Journal of Chromatography A
Publication Date
DOI: 10.1016/j.chroma.2011.07.067
  • Organophosphate Esters
  • Flame Retardants
  • Lc–Ms/Ms
  • High Throughput
  • Songhua River


Abstract Widely used as flame retardants, organophosphate esters (OPEs) are now broadly present in the indoor and outdoor environments. Currently available liquid chromatography–tandem mass spectrometry (LC–MS/MS) methods share some drawbacks with gas chromatography (GC) methods, including time consuming, limited target OPEs, incomplete separation capability for some OPEs and low throughput. In this study, a fast and high throughput LC–MS/MS method was developed. For the first time, all the twelve OPEs that have been studied in literature, ranging from the very polar and volatile trimethyl phosphate to the very hydrophobic and non-volatile tris(2-ethylhexyl) phosphate, were separated within 11 min. Different from previous studies, we found that the blank contamination was mainly from organic mobile phase rather than the enrichment process, and it can be efficiently eliminated by using acetonitrile rather than methanol as the organic phase of the mobile phase. The signal to noise ratio (S/N) was significantly improved by using 0.1% formic acid as an organic modifier.
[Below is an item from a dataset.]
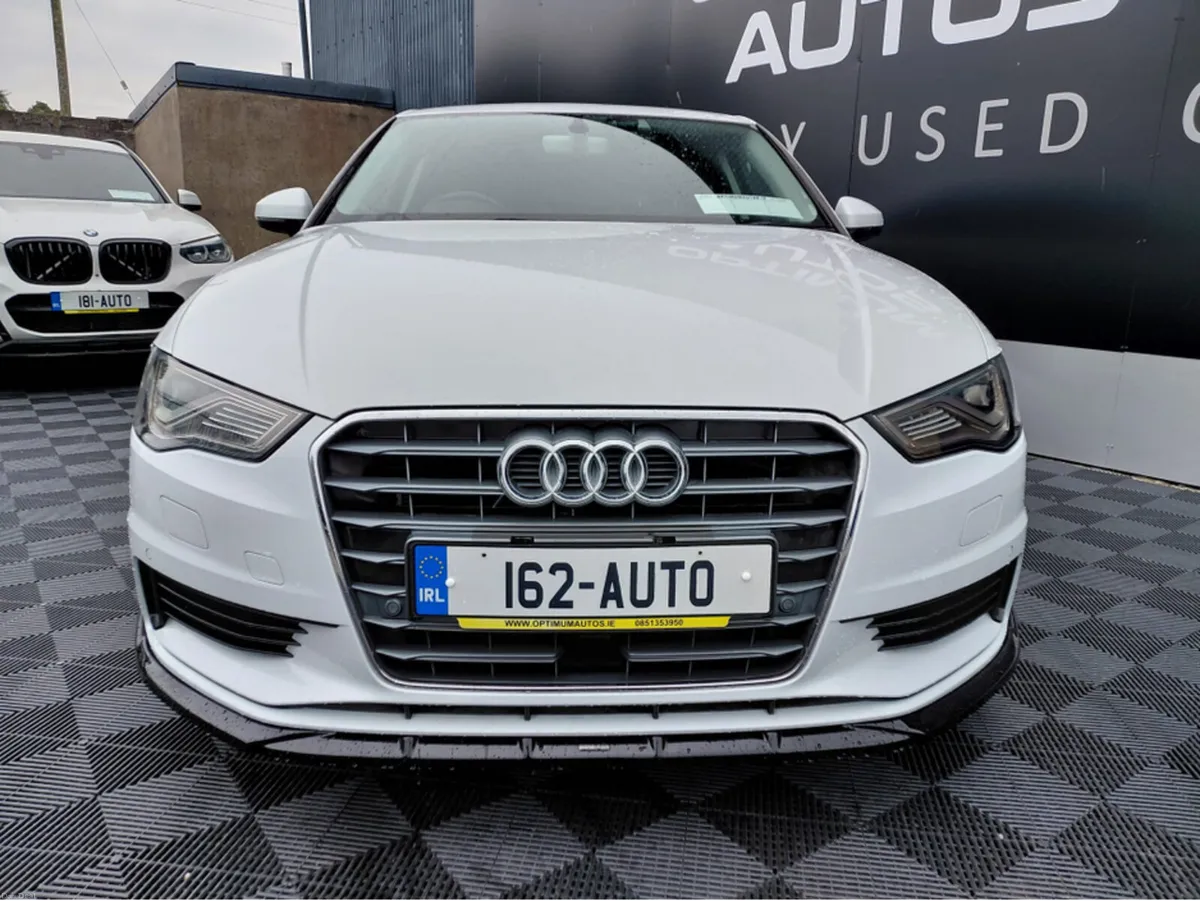 Audi A3 Audi A3 1.4 TFSI, Petrol, auto, fully load - Image 3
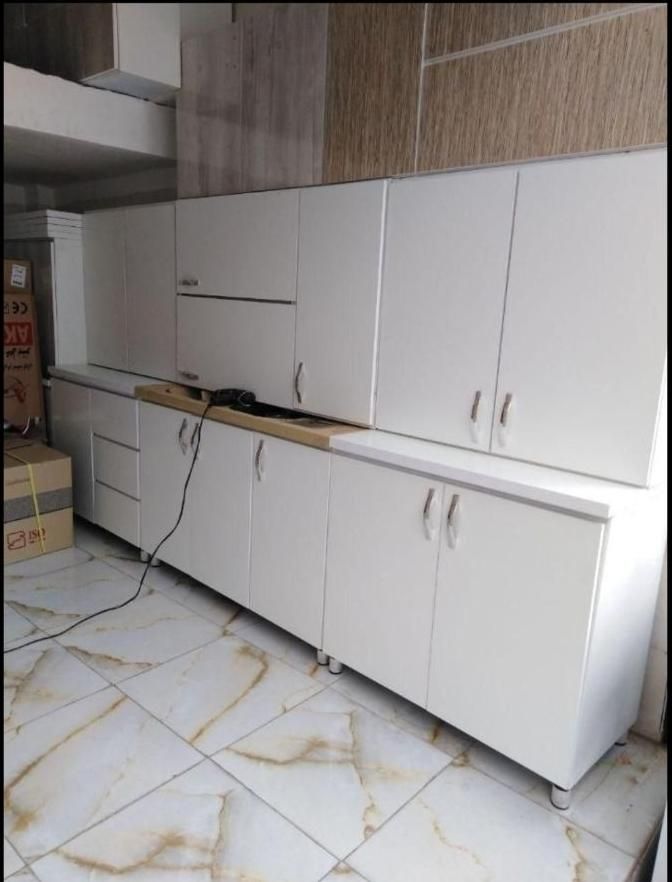 کابینت پیش ساخته گالوانیزه کد(1004)|مصالح و تجهیزات ساختمان|خرم‌آباد, |دیوار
The method exhibited high throughput and sensitivity and can baseline separate 11 of the 12 OPEs studied within 11 min with LOQs ranging from 2 to 6 ng/L. The relative standard deviations were in the range of 2–10%. For both reagent water and river water, the spiked recoveries of OPEs ranged from 70 to 110%, except for the very polar and volatile trimethyl phosphate that has recovery below 10%. The developed procedure was successfully applied to study the OPE contamination of the Songhua River, and it was found that all the target OPEs were detected with total concentrations of around 1 μg/L in the river waters.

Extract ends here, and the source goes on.